»»
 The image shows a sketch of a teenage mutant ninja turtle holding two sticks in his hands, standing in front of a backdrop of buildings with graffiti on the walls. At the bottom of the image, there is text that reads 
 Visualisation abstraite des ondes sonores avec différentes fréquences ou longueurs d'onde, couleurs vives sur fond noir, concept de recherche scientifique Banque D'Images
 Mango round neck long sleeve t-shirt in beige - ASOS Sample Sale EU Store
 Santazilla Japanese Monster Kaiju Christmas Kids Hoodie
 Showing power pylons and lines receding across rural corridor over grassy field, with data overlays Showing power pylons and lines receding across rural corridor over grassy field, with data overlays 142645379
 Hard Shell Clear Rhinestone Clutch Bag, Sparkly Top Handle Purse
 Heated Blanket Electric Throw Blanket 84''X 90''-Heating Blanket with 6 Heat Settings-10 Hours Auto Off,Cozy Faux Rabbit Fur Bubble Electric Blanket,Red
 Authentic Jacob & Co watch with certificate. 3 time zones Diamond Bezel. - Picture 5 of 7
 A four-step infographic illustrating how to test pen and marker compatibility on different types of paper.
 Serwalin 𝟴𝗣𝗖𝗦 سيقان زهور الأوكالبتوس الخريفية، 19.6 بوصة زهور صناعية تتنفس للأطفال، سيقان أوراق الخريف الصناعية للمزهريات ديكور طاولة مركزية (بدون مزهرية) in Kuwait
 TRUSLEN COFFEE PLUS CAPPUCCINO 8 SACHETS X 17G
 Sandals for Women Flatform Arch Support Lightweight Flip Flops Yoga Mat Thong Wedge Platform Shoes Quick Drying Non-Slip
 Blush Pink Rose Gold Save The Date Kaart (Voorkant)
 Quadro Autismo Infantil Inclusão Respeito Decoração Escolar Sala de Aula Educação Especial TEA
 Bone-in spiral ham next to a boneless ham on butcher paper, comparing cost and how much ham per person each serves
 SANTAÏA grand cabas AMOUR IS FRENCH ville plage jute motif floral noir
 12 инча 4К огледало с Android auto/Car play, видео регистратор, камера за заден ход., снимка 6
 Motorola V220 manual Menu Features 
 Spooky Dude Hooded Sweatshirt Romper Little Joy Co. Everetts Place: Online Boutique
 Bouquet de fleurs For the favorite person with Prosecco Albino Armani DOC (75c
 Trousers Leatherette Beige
««
Problem statement
Please return every line from the material above where the string "with" occurs.

Exercise result
 The image shows a sketch of a teenage mutant ninja turtle holding two sticks in his hands, standing in front of a backdrop of buildings with graffiti on the walls. At the bottom of the image, there is text that reads 
 Showing power pylons and lines receding across rural corridor over grassy field, with data overlays Showing power pylons and lines receding across rural corridor over grassy field, with data overlays 142645379
 Heated Blanket Electric Throw Blanket 84''X 90''-Heating Blanket with 6 Heat Settings-10 Hours Auto Off,Cozy Faux Rabbit Fur Bubble Electric Blanket,Red
 Authentic Jacob & Co watch with certificate. 3 time zones Diamond Bezel. - Picture 5 of 7
 Bouquet de fleurs For the favorite person with Prosecco Albino Armani DOC (75c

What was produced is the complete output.